Но особенно впечатляют коттеджи состоятельных людей, чьи предки тоже лежат на волостных кладбищах. Даже у нас на севере, где цена земле грош, а и то объявляются люди, желающие стать помещиками.
Директор нефтяной компании из Ухты приобрел в семи километрах от нашей Пахомовской заливные луга вдоль реки Ваги. Поставил коттедж с видом на воду, обнес железным забором. И теперь строит маслозавод. Собирается производить аналог вологодского масла. Говорит, верный продукт для экспорта после нефти и газа.
Теперь на поместья мода. И закон позволяет. И так называемое общественное мнение подготовлено.
Как валун рекой вымыло из залежи, так и поместья. И способствовала этому помещичьему ренессансу, по моим наблюдениям, как ни странно, русская литература. Классика. В обязательной программе советской школы было "Дворянское гнездо". Автор — в национальном почете. И ушлый школяр, самородок деревенский (есть у меня источник, но фамилии называть не буду) вдумывался в описываемую книжную жизнь этого автора, и рассуждал примерно так : если роман — хорошо и правильно, автор — творец и светоч, то почему же поместье его, сам образ помещичьей жизни считаются плохими. И в других книгах бессмертных русских он находил много замечательных сцен усадебной жизни. И поражался своим наивным детским открытиям: Толстой -помещик, тоже Тургенев, Гоголь. Да что там — само Солнце русской поэзии Пушкин — помещик и барин. Народолюбец Некрасов какое поместье отхватил в Ярославской губернии! А драматург Островский вообще — капиталист. И даже крестьянский сын Чехов с миллионщиком Сувориным был не разлей вода. Подумаешь — Чехов! Сам буревестник русской революции Горький владел двумя издательствами с огромными доходами и жил в собственной вилле на острове Капри. И соответственный вывод для себя делал вдумчивый деревенский паренек, любящий русскую литературу во всей ее полноте.

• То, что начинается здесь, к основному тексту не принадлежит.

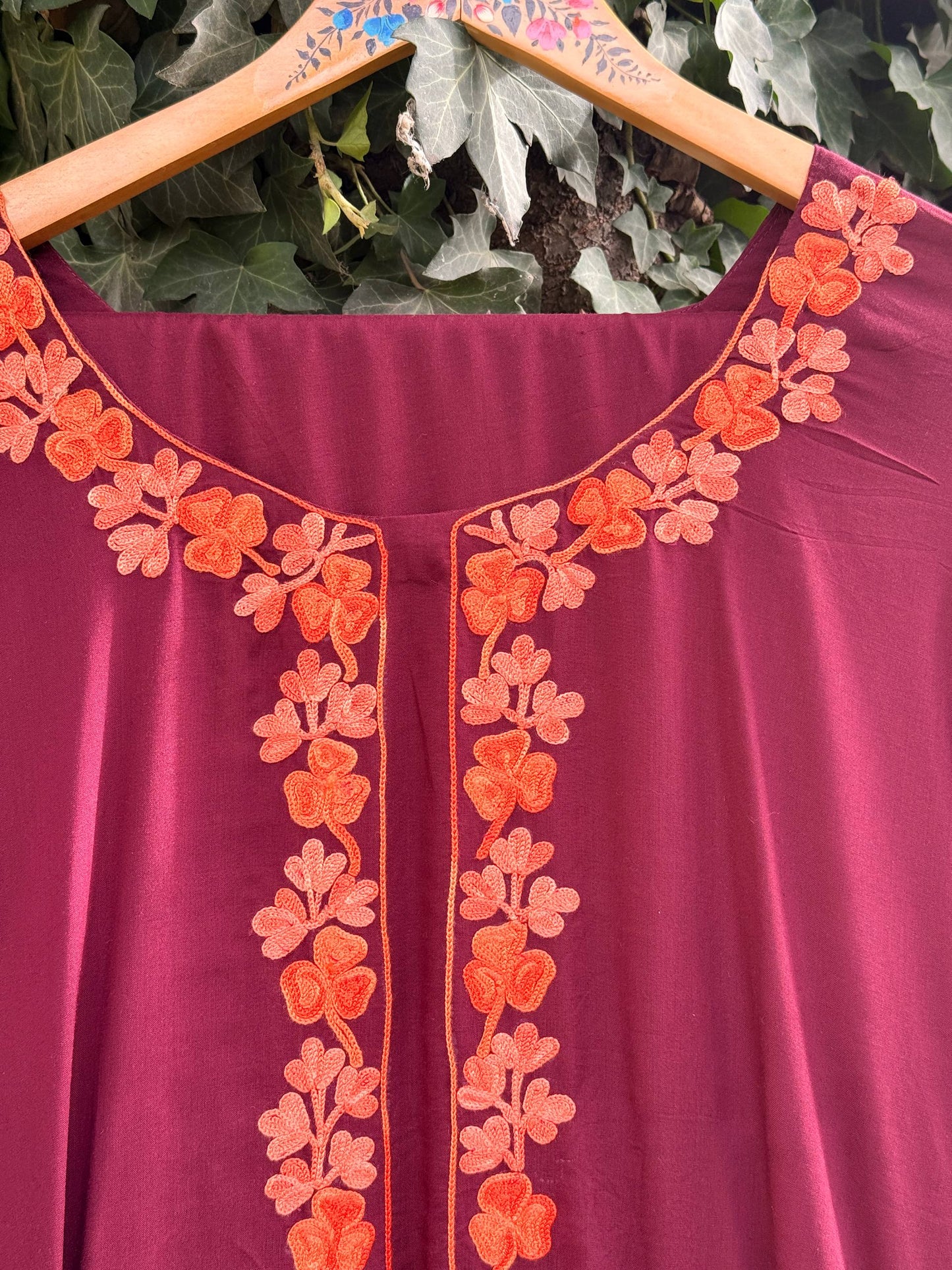 2 Piece Maroon and Orange Aari Corset Co-Ord with Farshi Shalwar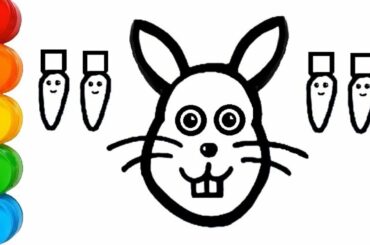 How to Draw a Cute Bunny Rabit and Carrot Easy Step by Step - Coloring Pages for Kids, Beginners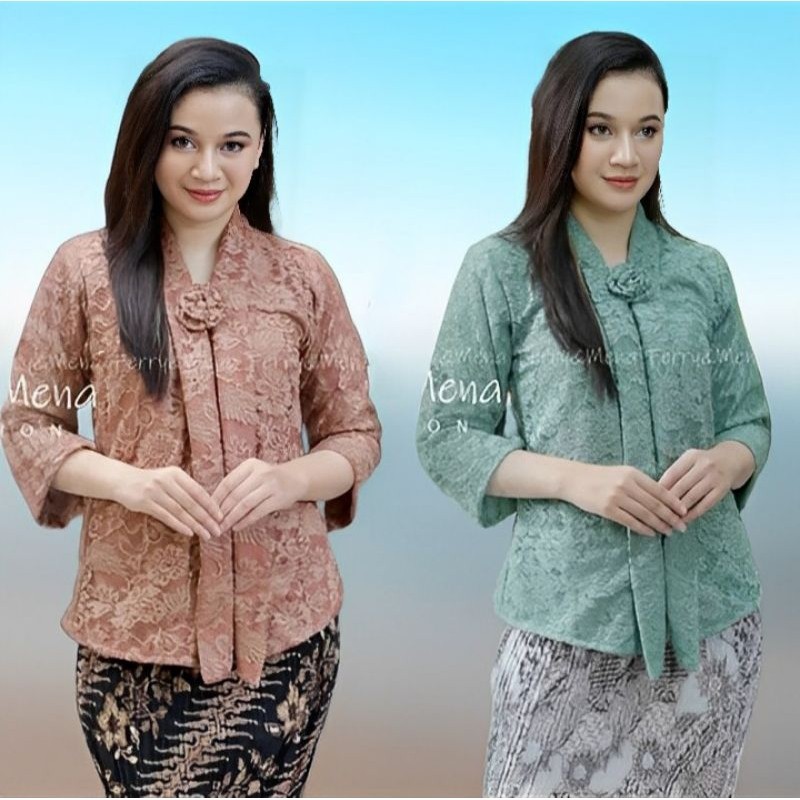 Kebaya Floy Brokat JUMBO Kebaya Kutubaru Brokat Floy Polos Lengan 7/8 Kebaya Wisuda Karnaval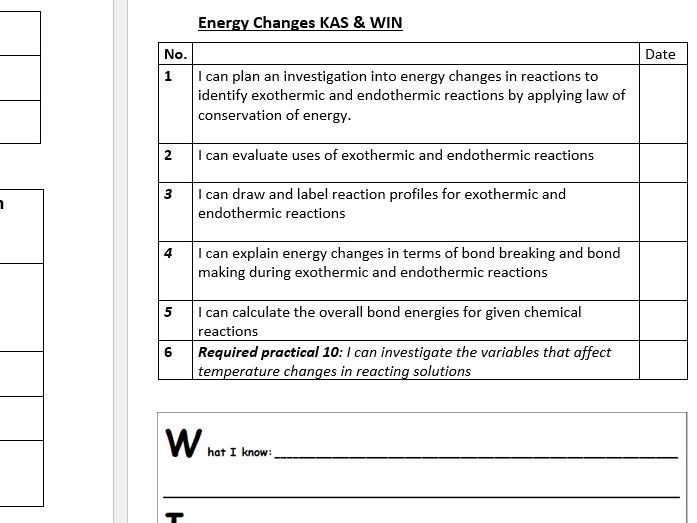 GCSE - Energy Changes Work booklets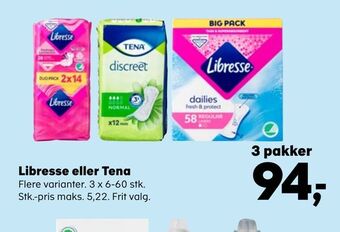 Kvickly Libresse eller tena tilbud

Потом в ранней молодости он, как и все мы, еще пережил бум восстановления помещичьих усадеб под видом музеев, сам с энтузиазмом организовывал подобные стройки. И к горбачевским временам, выросши до председателя исполкома, вполне избавился от всяких комплексов в отношении крупной недвижимости в условиях красивого ландшафта. Начал возводить собственный усадебный дом в три уровня. Менее догадливые земляки из тех, кто хлопал ушами на уроках русской литературы, первое время еще гневались на него, обличали, стращали судами, но он твердо держал нос по ветру глубинной истории и оказался прав. Теперь он, житель одной из получерноземных губерний арендует тысячи гектаров пашни, делает бизнес на пшенице и гречке. Совсем как когда-то наши великие русские литераторы.

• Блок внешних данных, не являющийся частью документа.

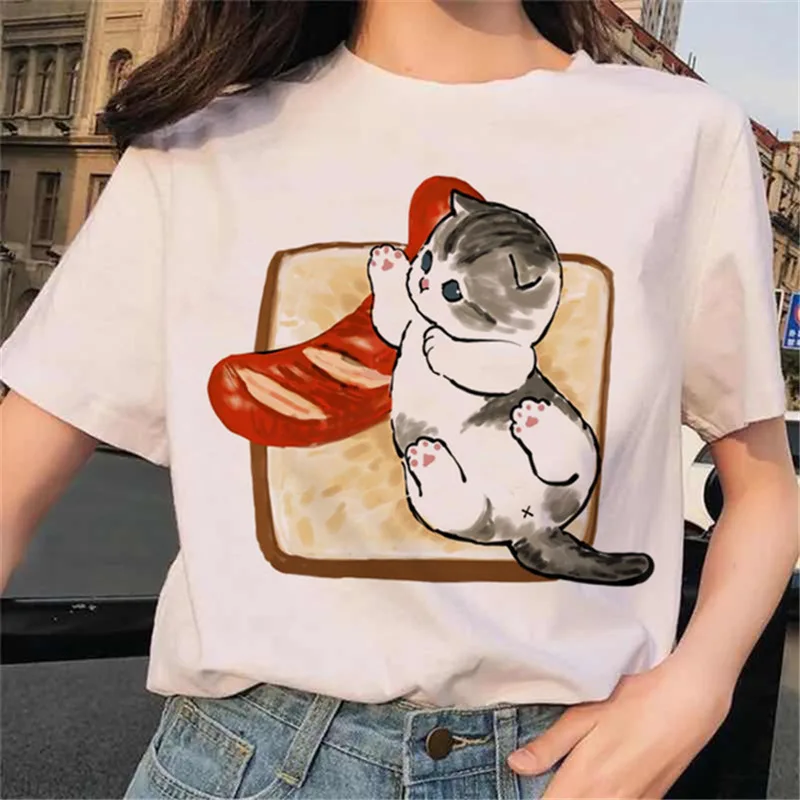 T-shirt estiva da donna nuova divertente Kawaii Cartoon Cat Print Harajuku High Street Casual Versatile girocollo maniche corte Unisex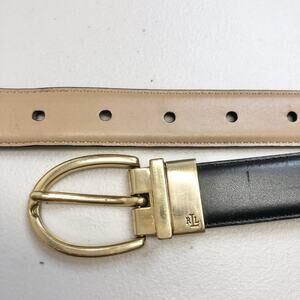 Lauren RALPH LAUREN Genuine Leather Women’s Belt Black Small Two-tone Buckle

Свергнув с постаментов "ужасных злодеев" царей, большевики возвели на пьедесталы вместо них милейших Тургеневых, которые литературными чарами сделали больше для воссоединения истории, чем цари полками корниловцев.
Конечно вклад в это дело у литературных классиков скорее побочный.
В деле слияния национальной истории, в воскресении погибших, проклятых, убитых, думаю, никак не обошлось и без воли Всевышнего.
А о грядущих бунтах и восстаниях поговорим как-нибудь после пасхальных праздников.